Di hadits yang lain, lagi-lagi Rasulullah ﷺmenasehatkan kita: dari
Ibnu ‘Abbas radhiyallahu ‘anhuma, Rasulullah ﷺ pernah menasehati
seseorang, “Manfaatkanlah lima perkara sebelum lima perkara (1) Waktu mudamu
sebelum datang waktu tuamu, (2) Waktu sehatmu sebelum datang waktu sakitmu,
(3) Masa kayamu sebelum datang masa kefakiranmu, (4) Masa luangmu sebelum
datang masa sibukmu, (5) Hidupmu sebelum datang matimu.”

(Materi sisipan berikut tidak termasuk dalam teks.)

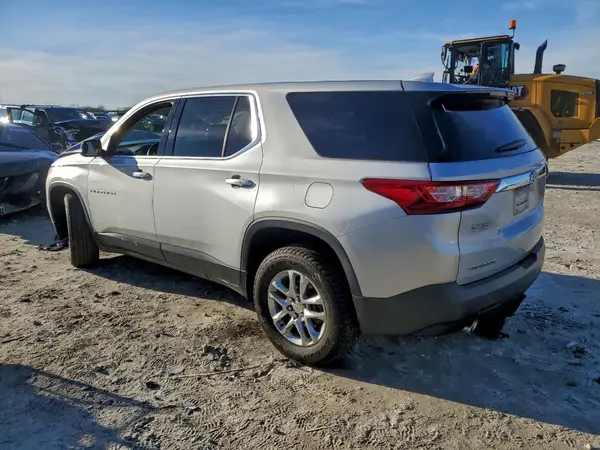 1GNERFKWXMJ219054 2021 CHEVROLET TRAVERSE - Image 2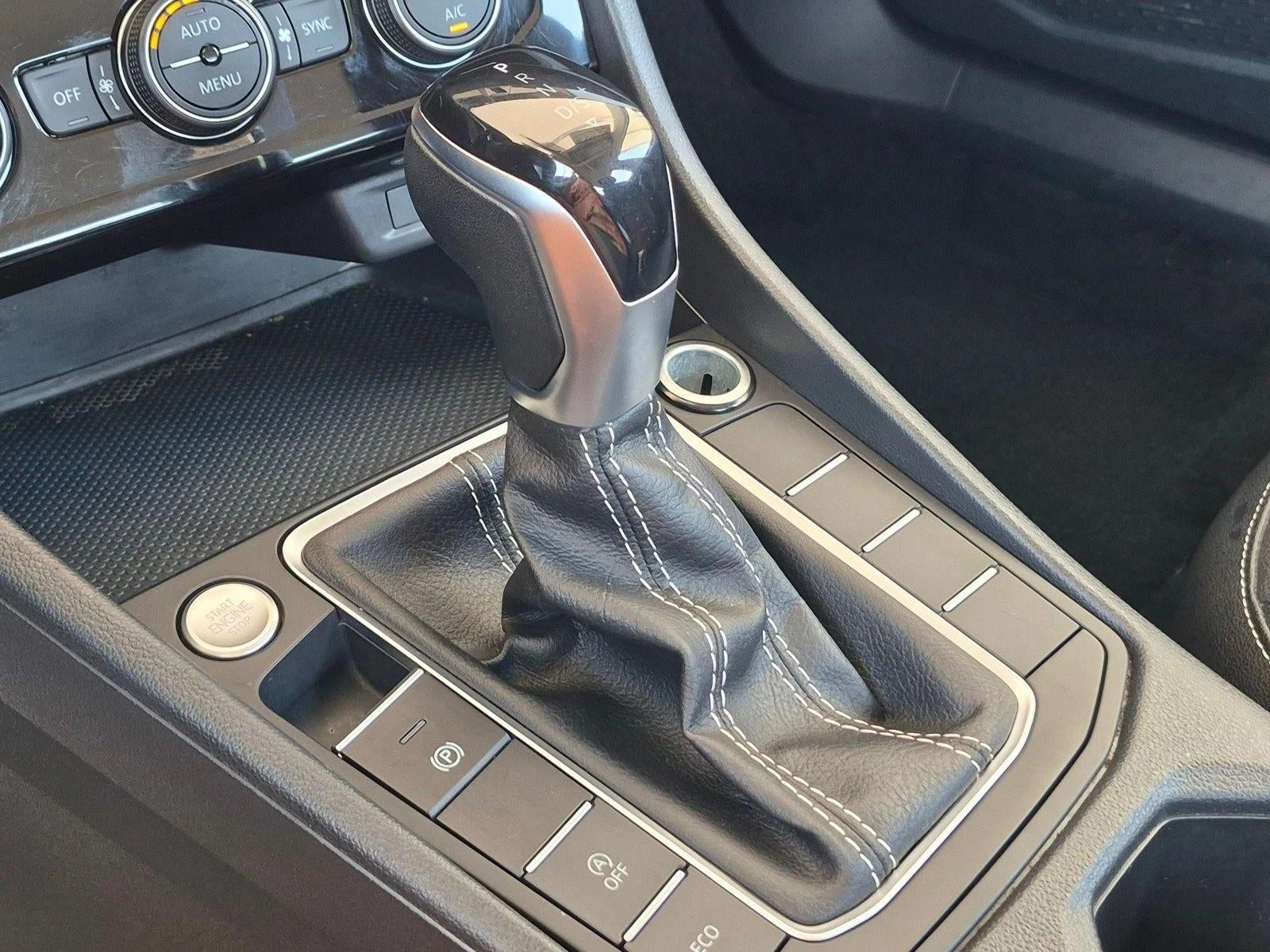 2024 Volkswagen Jetta SE Auto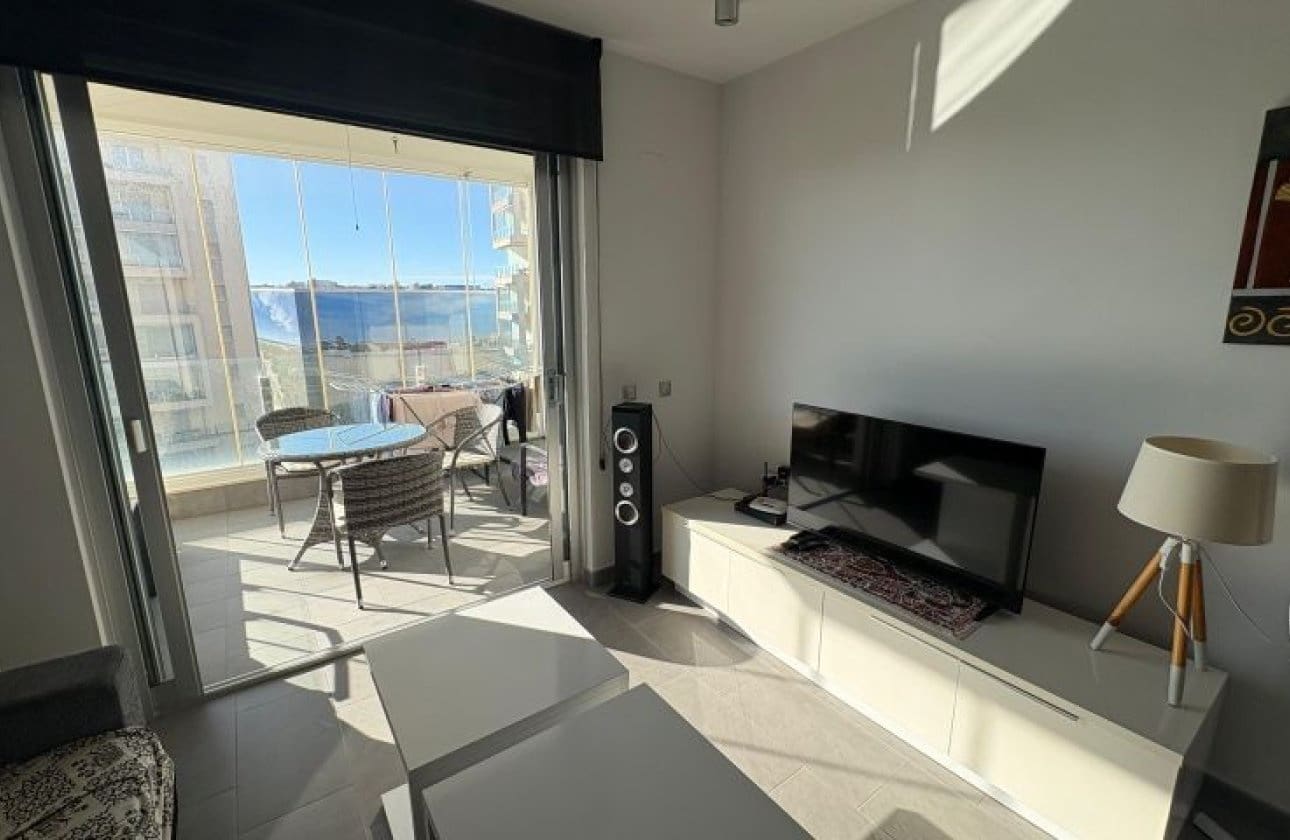 2 chambre Appartement de Plage à vendre à Torrevieja avec piscine - 345 995 € (Ref: 9839001)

(HR. Al Hakim dalam Al Mustadroknya 4: 341. Al Hakim mengatakan bahwa hadits ini shahih sesuai
syarat Bukhari Muslim namun keduanya tidak mengeluarkannya. Dikatakan oleh Adz Dzahabiy
dalam At Talkhish berdasarkan syarat Bukhari-Muslim. Syaikh Al Albani dalam Shahih At Targhib wa
At Tarhib mengatakan bahwa hadits ini shahih)3
Pengalaman Pribadi
Sebagai pelajaran yang mungkin dapat dipetik kita bersama. Penulis memiliki
pengalaman pribadi dengan berat badan berlebih (overweight). Penulis selalu
mengalami kesulitan dalam menurunkan berat badan dan paling banyak hanya
mampu menurunkan 1─2 kg dalam jangka 1 bulan untuk kemudian kembali ke berat
badan semula. Pada suatu saat, penulis melakukan cek-up pribadi dengan
memeriksakan darah. Hasilnya, asam urat dan kolesterol tinggi dengan gula darah
puasa di perbatasan (borderline). Mengingat riwayat keluarga penulis ada yang
menderita penyakit jantung dan kencing manis serta stroke, penulis mencari
motivasi untuk memperoleh fisik lebih sehat. Penulis membaca pesan Nabi
ﷺyang lain: dari Miqdam bin Ma’di Karib beliau menegaskan
bahwasanya beliau mendengar Rasulullah ﷺ bersabda, “Tidaklah
seorang manusia memenuhi satu wadah yang lebih berbahaya dibandingkan
perutnya sendiri. Sebenarnya seorang manusia itu cukup dengan beberapa suap
makanan yang bisa menegakkan tulang punggungnya. Namun jika tidak ada
pilihan lain, maka hendaknya sepertiga perut itu untuk makanan, sepertiga yang
lain untuk minuman dan sepertiga terakhir untuk nafas.” (HR. Ibnu Majah no. 3349 dan
dinilai shahih oleh al-Albani dalam shahih sunan Ibnu Majah No. 2720) 4
Sejak saat itu, penulis “tanpa sengaja” setiap harinya mulai mengurangi
asupan sumber karbohidrat setiap makan besar dan tidak meminum minuman instan
berpemanis. Perlahan tetapi pasti “ketidaksengajaan” itu membuahkan komentar
dari rekan dan keluarga penulis,”Kok kamu kurusan?”. Selama “program” itu berjalan
memang penulis “lupa” menimbang berat badan. Hasilnya, dalam 2─3 tahun berat
badan penulis turun 7─8 kg dan saat ini masuk dalam kategori normal. Tiga tahun?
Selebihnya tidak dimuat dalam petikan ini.